# Astatotilapia calliptera?



## ryanjury (Apr 15, 2006)

Purchased these as Astatotilapia calliptera a few days ago but they don't seem to match anything I can find on the net..

Worrying things for me:
The colour
Lack of egg dummies.

These did come from a good source so hoping they are just a different strain. Also I got 2 sub dominant males and am pretty sure they are yet to colour up have seen flashes of a green colour and a red/orange forehead (haven't had them long).

Any opinions/observations welcome 

















Pair

























Can get more photos if required.


----------



## noki (Jun 13, 2003)

No. not close. Those are quite odd.

Hybrids with a mox of Cyrtocara moorii would be my guess.


----------



## Petrochromislover (Feb 23, 2009)

hi this might be a hybrid can you post more photos will really help


----------



## ryanjury (Apr 15, 2006)

Don't really know what else to show but here are some more pics.. I can definitely see blue dolphin in it I was hoping I was mistaken..

Male








Male








Male








Female








female








Male








Male








Male








Male








Male








2 Males








2 Males








Female








Female








Male









thanks for any help


----------



## Joea (May 25, 2004)

I'm not sure I'd say not even close. They're definitely hybrids... but if I had to guess, _Astatotilapia calliptera x Cyrtocara moori_. An odd mix indeed.


----------



## ryanjury (Apr 15, 2006)

Cheers for your input guys.. I have been back to the source and they are still adamant they are pure, what about them would suggest hybrid, and are you 100% sure on it..

It is very hard for us here to make a comparison as these fish are not imported so very hard to compare them to something you have seen...


----------



## noki (Jun 13, 2003)

Sorry, those are obviously not Astatotilapia calliptera, not even close, but look like hybrid Cyrtocara moorii

Astatotilapia calliptera description from this site..."Male coloration varies from olive green to bright yellow in courting males. The anterior of the dorsal is edged with black fading to red at the posterior. The caudal fin is translucent blue along the fin rays and also edged faintly in red. In keeping with the Astatotilapia designation, the anal fin is adorned with true occuli in a single row. The anal fin is attractively adorned with red edging on a light blue base. The pelvic fins are black with a light blue/white edge to the first fin ray. A distinctive black line runs from the corner of the mouth through, through the eye, and ending at the top of the eye socket. The lips are bright blue. Faint vertical body bars number between 6 and 8. Female body coloration is olive green to yellow. Fins are mainly colorless."
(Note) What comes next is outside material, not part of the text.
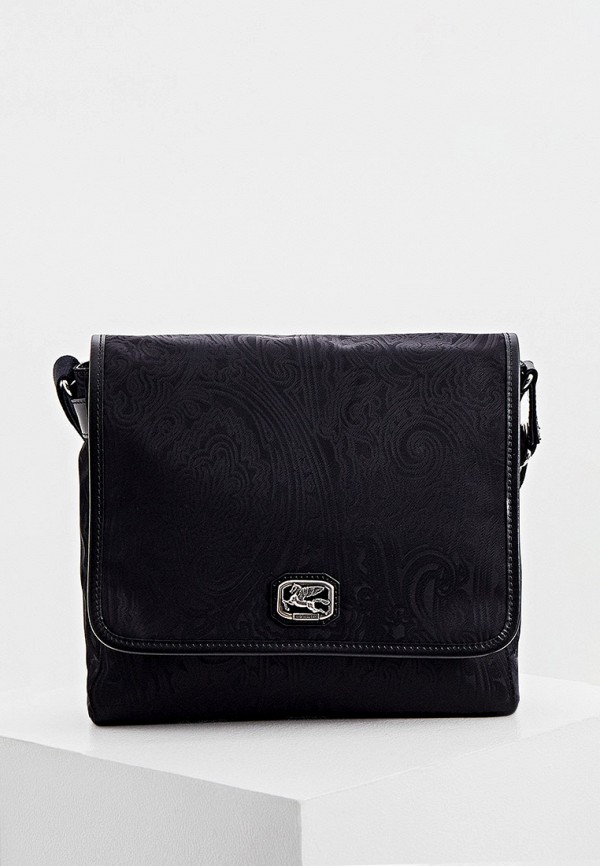 фото Сумка etro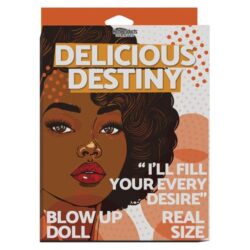 Delicious_Destiny_Blow_Up_Doll__1.jpg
Astatotilapia calliptera male colour









Astatotilapia calliptera









Cyrtocara moorii juvenile









Cyrtocara moorii adult, they have usually little sexual dimorphism for a Hap.


----------



## Joea (May 25, 2004)

There is no question these fish are hybrids. If your source is convinced that they're pure, then he needs to go back to _his _source and ask a few questions.


----------



## ryanjury (Apr 15, 2006)

lol well I went back to the first NZ ownder (after import) and he told me to go away and has indicated they are pure and I need to buy a konnings CD and look at the varients..

It seems the more people know they less they are willing to consider things or even maybe entertain the fact they might have made a mistake..

Cheers for the help guys at least I know they are hybrids and can do the right thing with what I have.


----------



## StructureGuy (Jul 27, 2002)

Here are mine:









http://www.african-cichlid.com/Calliptera.htm

But there are other color variants including a blue one. The Cichlid News magazine had a great article on A. calliptera by Konings October 2007.

http://www.cichlidnewsmagazine.com/issues/oct07.html

Kevin


----------



## ryanjury (Apr 15, 2006)

Hey Kevin, I have found the blue variant, but as you can see but to me they still don't match what I have.. Like I said in my original post I was hopeful these were a different strain or variant.
http://burnel.club.fr/Photos/Astatotila ... ptera.html

Also these cannot be a pure version of the blue variant as a photo identical to yours was supplied (as example off net no actual pics of parents). I would think if the male was like your pic but grown out babies are what I have posted of then something is wrong..


----------



## Joea (May 25, 2004)

Some breeders who sell hybrids are steadfast in their belief that the fish they are selling are pure. They're of course either lying or unaware of how the species is actually supposed to look, and are trusting the words of their supplier who is also either lying or unaware. It's unfortunate that often _both _types will be taken aback and be insulted by the accusation.

Unless you're walking in pointing fingers and shouting that they're being deceptive, really, all you're doing is bringing it to their attention, so unless they _are _being deceptive, they really have no cause to be so defensive. Telling you to "go away" should immediately send up a red flag either way.


----------